Bryan Bliss wants to tell stories that “accurately reflect what it means to be a teenager.” His way of getting there is by fitting dramatic family stories snugly into larger, Very Important Issues that many families can recognize.
His first novel, No Parking at the End Times honed in on fringe evangelical Christianity. In No Parking,parents join a doomsday cult, sell everything and move their family across the country. They believe the world is going to end. As such, there’s no plan for school, work, family. Bliss finds a way to dive deep into religious quackery, while maintaining a realistic family portrait through the eyes of twin high school siblings pulled from their lives for a scam.
With Meet Me Here, Bliss moves his family story from religion to the military. Thomas is graduating and shipping to basic training in the morning. His father was Army, and raised his boys to be Army, too. But Thomas’ older brother, Jake, has returned from his own tours in recent conflicts; he has come back a hero, but also, “off.”
Watching Jake live with PTSD, his deteriorating mental state and unwillingness to participate in even the most basic parts of day-to-day life, has led Thomas to reject his Army enlisting. After graduation night, Thomas plans to leave for basic. But rather than report, he pans to simply leave his family and his Army commitments behind.
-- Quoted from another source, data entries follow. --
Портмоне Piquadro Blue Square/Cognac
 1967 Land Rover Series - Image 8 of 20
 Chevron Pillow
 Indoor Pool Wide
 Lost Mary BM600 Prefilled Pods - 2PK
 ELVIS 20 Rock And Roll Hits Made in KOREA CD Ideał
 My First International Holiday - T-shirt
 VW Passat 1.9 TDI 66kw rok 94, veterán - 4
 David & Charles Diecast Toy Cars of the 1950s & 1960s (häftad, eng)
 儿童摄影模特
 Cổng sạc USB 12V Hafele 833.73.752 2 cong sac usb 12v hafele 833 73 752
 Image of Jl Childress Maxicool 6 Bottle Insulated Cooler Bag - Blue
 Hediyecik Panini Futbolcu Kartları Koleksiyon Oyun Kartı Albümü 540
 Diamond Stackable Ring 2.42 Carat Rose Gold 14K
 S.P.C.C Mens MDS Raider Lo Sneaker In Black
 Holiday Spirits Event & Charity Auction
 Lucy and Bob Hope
What he does not plan for, however, is running into his estranged childhood best friend, Mallory, who has just punched out her boyfriend and asks Thomas for a ride home. Mallory has her own life-altering decision to face in the morning. And, scared of the choices they’ve made and unsure how to face their families and their futures, the two instead spend the night driving in Thomas’ truck through their rural North Carolina country.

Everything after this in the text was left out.